What this task involves :: Images are not wanted; transcribe the rest of the listing exactly.

§

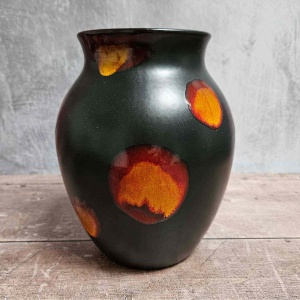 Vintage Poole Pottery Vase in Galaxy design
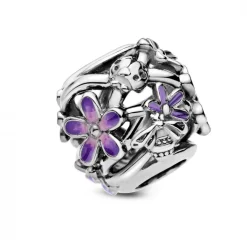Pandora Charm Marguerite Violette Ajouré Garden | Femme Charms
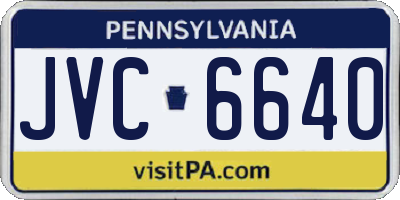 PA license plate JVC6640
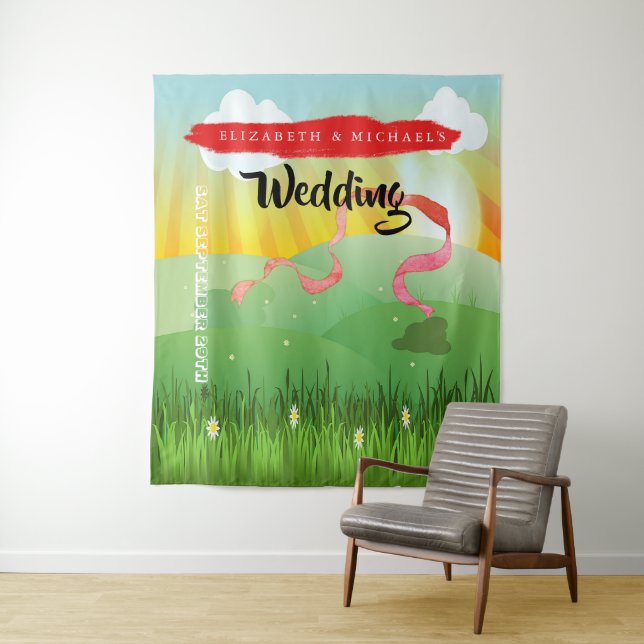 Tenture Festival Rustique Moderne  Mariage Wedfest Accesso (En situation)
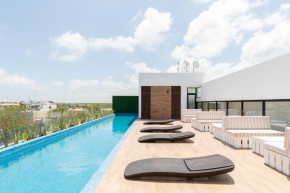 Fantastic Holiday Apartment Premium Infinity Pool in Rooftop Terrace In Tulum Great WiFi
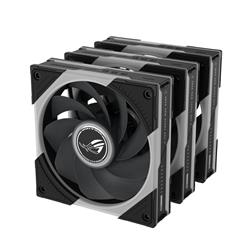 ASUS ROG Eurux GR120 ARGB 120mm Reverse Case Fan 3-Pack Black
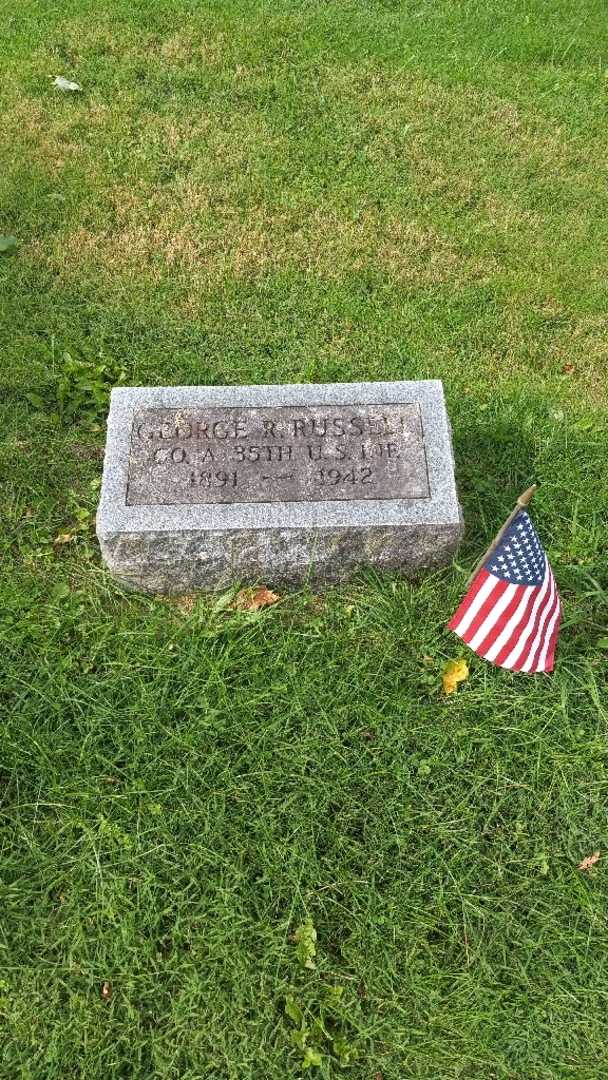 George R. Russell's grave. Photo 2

§

The answer ::
 Vintage Poole Pottery Vase in Galaxy design
Pandora Charm Marguerite Violette Ajouré Garden | Femme Charms
 PA license plate JVC6640
 Tenture Festival Rustique Moderne  Mariage Wedfest Accesso (En situation)
 Fantastic Holiday Apartment Premium Infinity Pool in Rooftop Terrace In Tulum Great WiFi
 ASUS ROG Eurux GR120 ARGB 120mm Reverse Case Fan 3-Pack Black
 George R. Russell's grave. Photo 2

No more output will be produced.